Available data
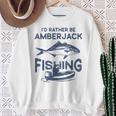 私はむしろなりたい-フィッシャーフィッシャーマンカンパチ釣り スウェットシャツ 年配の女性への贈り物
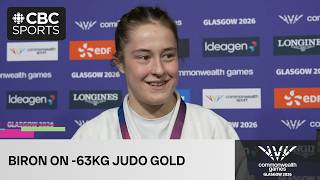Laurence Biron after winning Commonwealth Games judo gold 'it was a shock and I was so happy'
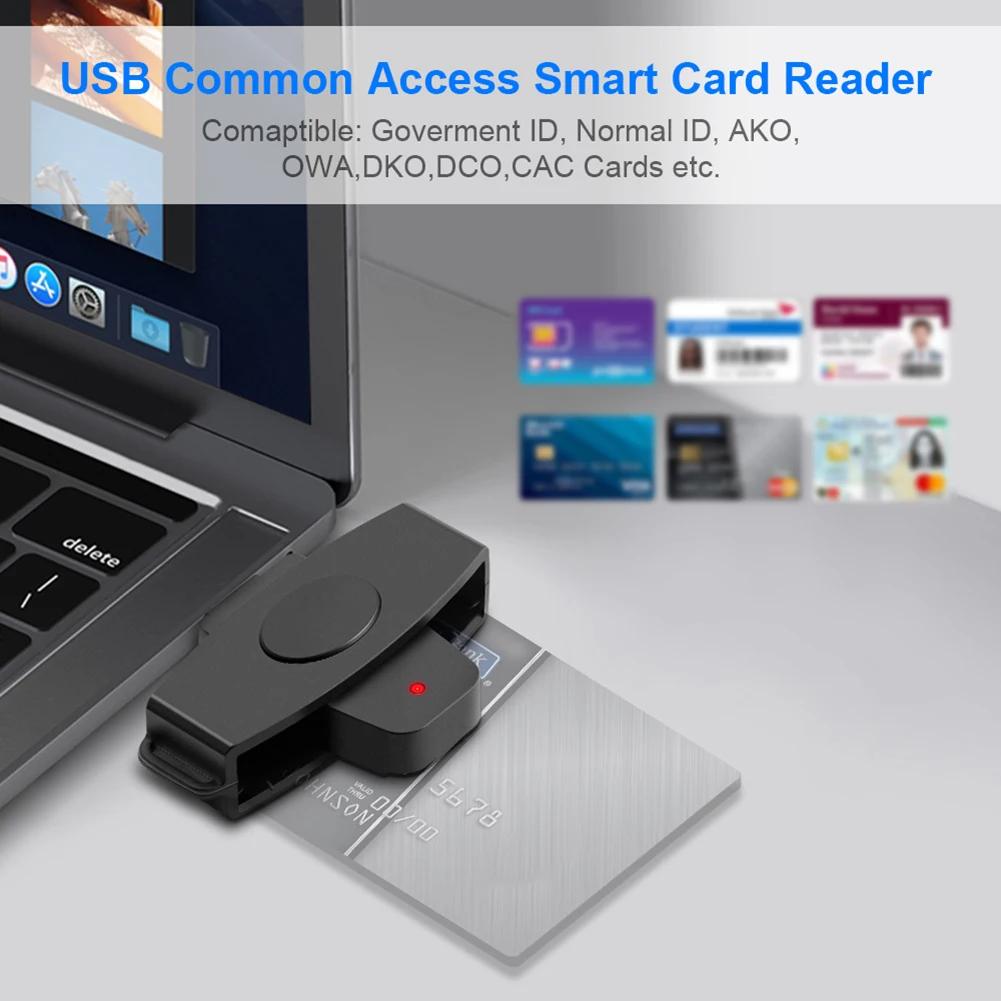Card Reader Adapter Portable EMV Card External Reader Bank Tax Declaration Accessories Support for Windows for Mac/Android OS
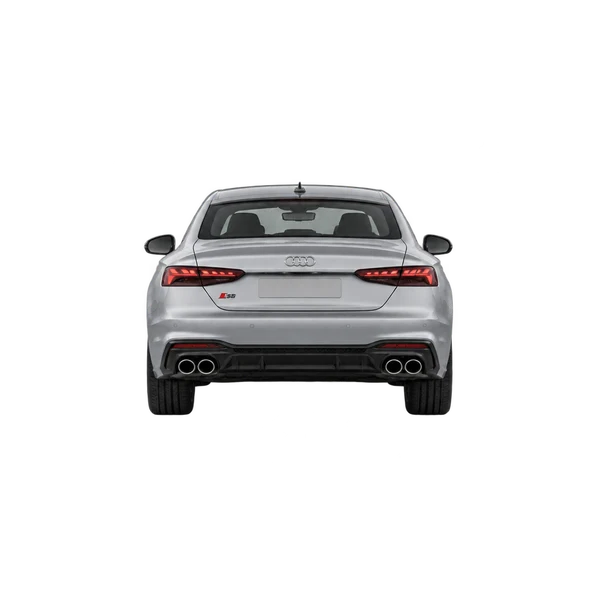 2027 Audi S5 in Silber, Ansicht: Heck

---

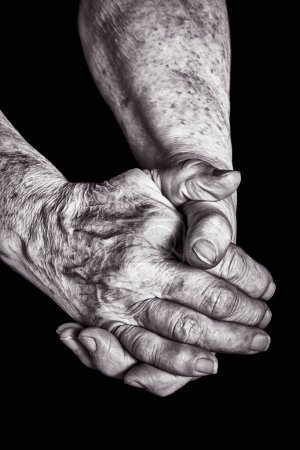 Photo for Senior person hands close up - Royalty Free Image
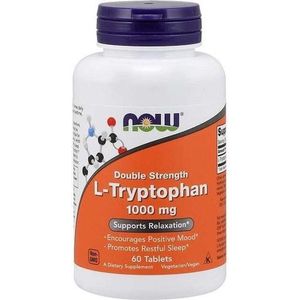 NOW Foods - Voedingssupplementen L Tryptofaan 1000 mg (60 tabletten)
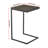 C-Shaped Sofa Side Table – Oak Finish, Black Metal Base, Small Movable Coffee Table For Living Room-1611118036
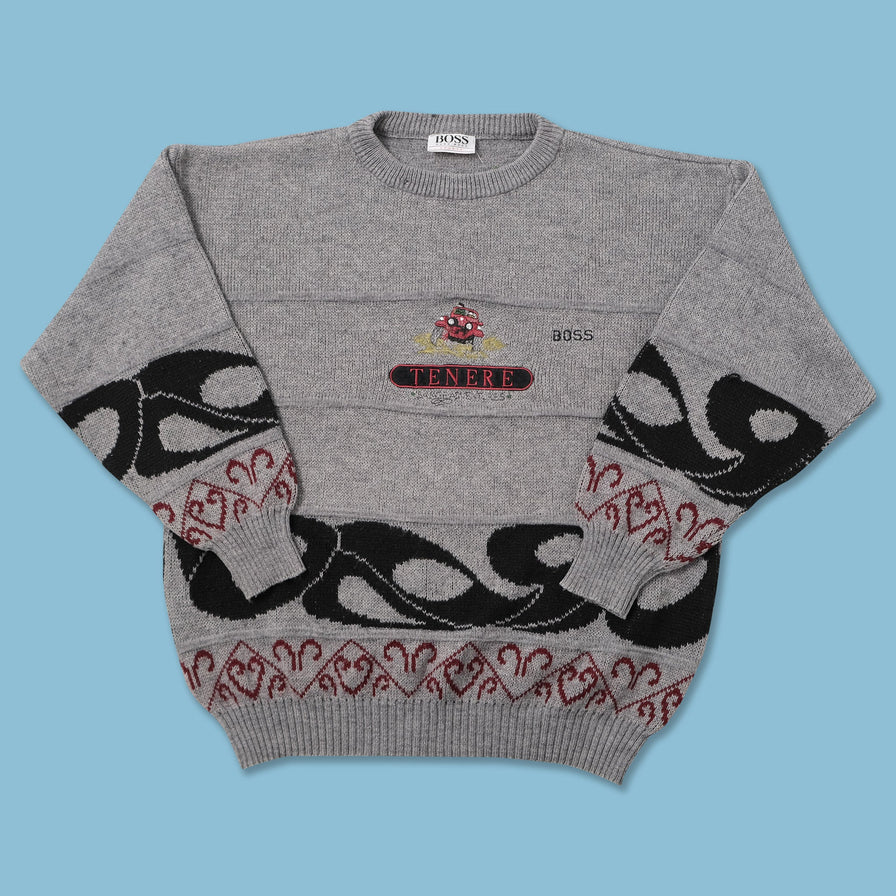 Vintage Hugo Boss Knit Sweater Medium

==

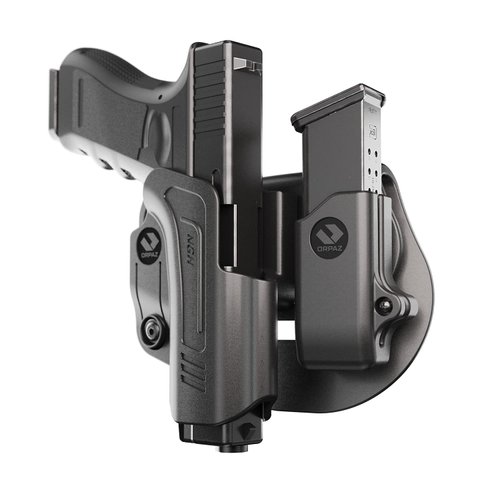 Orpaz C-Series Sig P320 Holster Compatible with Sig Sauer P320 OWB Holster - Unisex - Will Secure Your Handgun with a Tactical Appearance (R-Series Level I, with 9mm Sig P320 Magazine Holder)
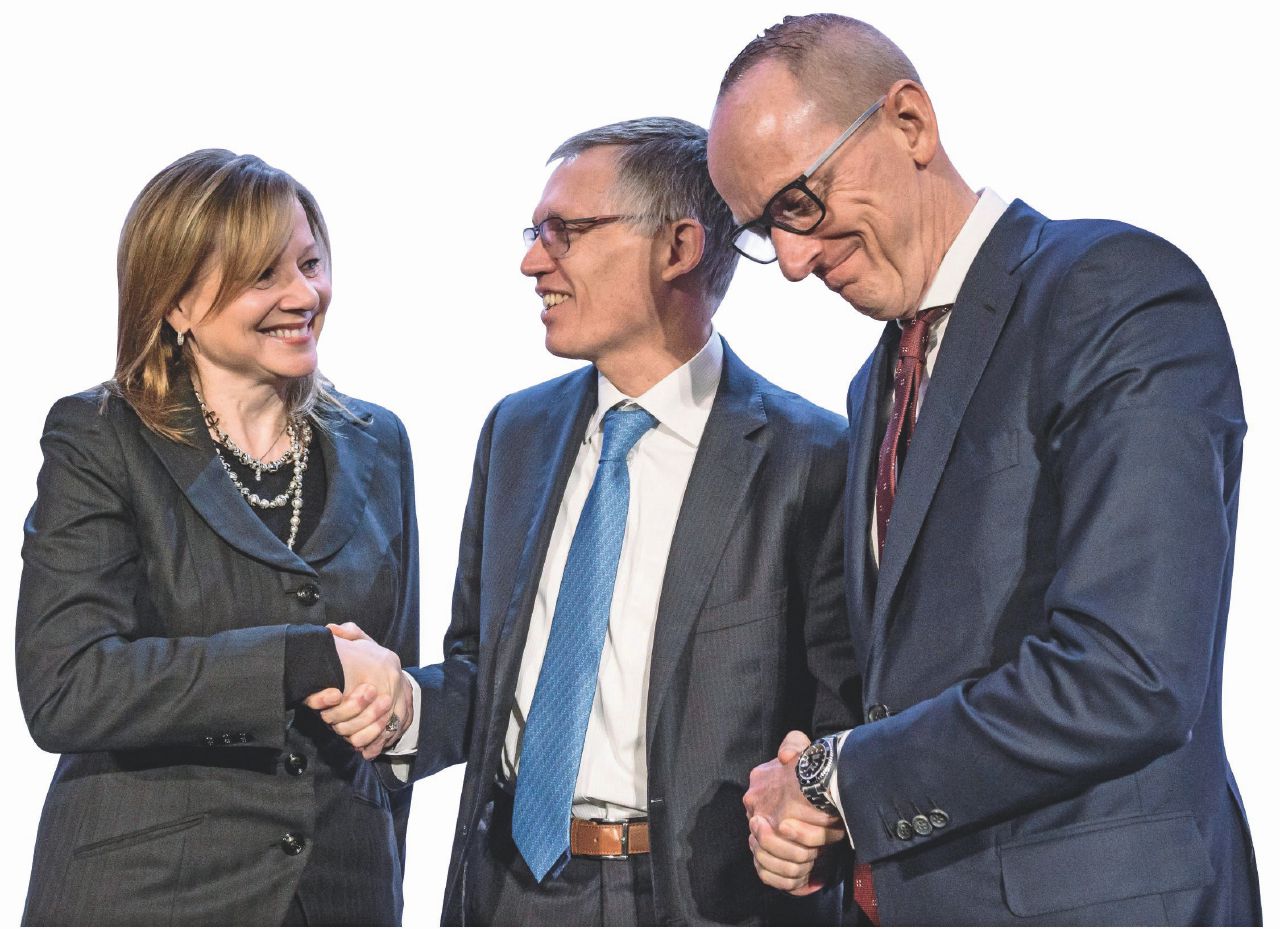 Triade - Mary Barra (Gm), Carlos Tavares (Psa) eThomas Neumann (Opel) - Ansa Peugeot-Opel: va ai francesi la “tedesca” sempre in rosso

Task directions
Start at the line containing "私はむしろなりたい-フィッシャーフィッシャーマンカンパチ釣り スウェットシャツ 年配の女性への贈り物" above and stop at the line containing "2027 Audi S5 in Silber, Ansicht: Heck". Output those lines exactly, both included, but none of the pictures.

Answer for this exercise
 私はむしろなりたい-フィッシャーフィッシャーマンカンパチ釣り スウェットシャツ 年配の女性への贈り物
Laurence Biron after winning Commonwealth Games judo gold 'it was a shock and I was so happy'
Card Reader Adapter Portable EMV Card External Reader Bank Tax Declaration Accessories Support for Windows for Mac/Android OS
 2027 Audi S5 in Silber, Ansicht: Heck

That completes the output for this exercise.